It was very strange to Rachel, who had been, on so many, many evenings, to that other room, to pause now outside this new door, to knock with the house solemn and still around her, to hear Dorchester's voice, then, with the old hesitation and—yes—with some of the old fear, to enter.
She had considered what she would say. Coming down in the train she had turned it over and over—her apology, her submission, her cry: "See, I'm different—utterly different from the Rachel whom you knew.... I was a prig of the very worst. I deserved everything you thought of me. Just say you forgive me even though you can't like me." This was the kind of thing that, in the train, had seemed possible enough; now, with the opening of the door and that sharp recurrence of the old thrill, she was not at all sure that she wanted to be submissive and affectionate. "I don't feel fond of her—nothing could make me—there are too many things...."
Space and silence saluted Rachel. Two great mirrors ran from floor to ceiling, high windows flooded the room with light and everything seemed to be intended only for such a situation as this—the very house, the grounds, the colour of the day had arranged themselves, in their purity and air and silence, about the central figure. The Duchess lay in a long low chair before the window; she was wrapped in white shawls and thick rugs covered her body; Dorchester, the same stern, unbending Dorchester, said gravely to Rachel, "Good afternoon, my lady. I hope that you are well," then moved into another room.
The Duchess had not stirred at the sound of the closing doors, nor at Dorchester's voice, nor at Rachel's approach. She was gazing out, beyond the windows, to the expanse of sunlit country, fields that sloped towards the river, an orchard, white with blossom, running down the hill, its colour, dazzling, almost visibly trembling against the sky.
Rachel had only seen her in the Portland Place rooms, with the china dragons, the gold ornaments, the red lacquer bed, the blazing wall-paper. It had seemed then that she must have those things around her, that she needed the colour and extravagance to support her flaming passion for life, so curbed and shackled by disease.
Their absence made her older, feebler, more human, but also grander and more impressive. Rachel had always feared her, but despised herself for her fear; now she was in the presence of something that made her proud to be afraid.
She thought that she might be asleep, so she moved, very quietly, a chair forward near the window and, sitting down, waited.
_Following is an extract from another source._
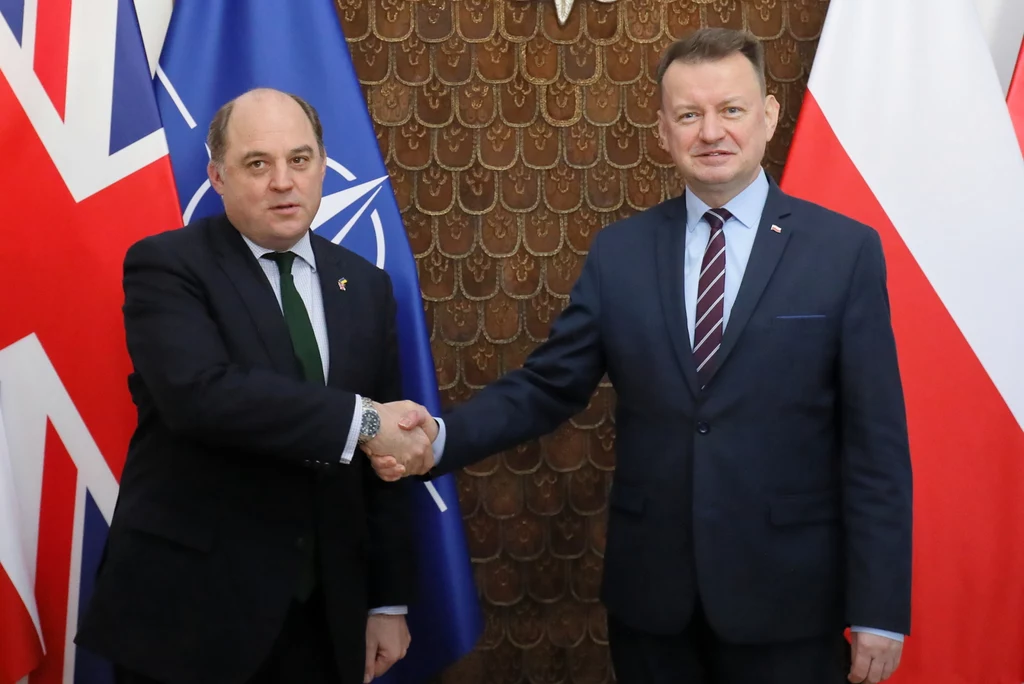 Minister obrony narodowej Mariusz Błaszczak podczas powitania sekretarza obrony Wielkiej Brytanii Bena Wallace'a w siedzibie resortu w Warszawie Minister obrony narodowej Mariusz Błaszczak podczas powitania sekretarza obrony Wielkiej Brytanii Bena Wallace'a w siedzibie resortu w Warszawie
The only sound in all the world was the steady splash—splash—splash of the fountain below, the only movement the stealthy creeping of the long shadows, flung by white boulder clouds, across the shining fields.
Suddenly, without turning her head, the Duchess spoke.
"Very good of you, Rachel. I hoped that you would come."
Her voice was weak, her words indistinct as though she were speaking through muffled shawls, but, nevertheless, behind them the presence of the old dominating will was to be discerned, but now it was a will quiescent, struggling no longer for power.
"I would have come before if you had sent for me. I'm so glad that you did."
"I can't talk for very long, my dear, and I don't suppose that you want to spend hours in my company any more than you've ever done. No, you needn't protest. We're neither of us here for compliments.... But there's something that I must say to you. Christopher allows me half an hour."
"I hope you're better—that being here has done you good."
"Better? Nonsense. I don't want to be better. That's all over and done with. I had another stroke three days ago and the next one will finish me. So don't pretend. You used to be honest enough. I've asked you to come because I want to speak to you about Roddy."
"He wrote," Rachel said.
"Yes. I got his letter. I couldn't reply. I can't write myself and I won't have anyone else do it for me. Besides, there was nothing to write about. He said he was sorry about that little conversation we all had together the other day."
"And I—" Rachel began eagerly, "I was so sorry. I've been longing to tell you—it was all wrong, but Roddy has no imagination. He didn't realize in the least——"
"Ah, my dear. I expect I know Roddy a great deal better than you do. He'll do the same sort of thing to you, one day. He's got the devil in him and will always have it, however much you coddle him or let him lie there thinking over his sins. Do you suppose I'd have been so fond of Roddy all these years if I hadn't known him capable of such little revenges? I liked it. There was no need to write to me and he knew it—but I'm afraid you influence him a good deal."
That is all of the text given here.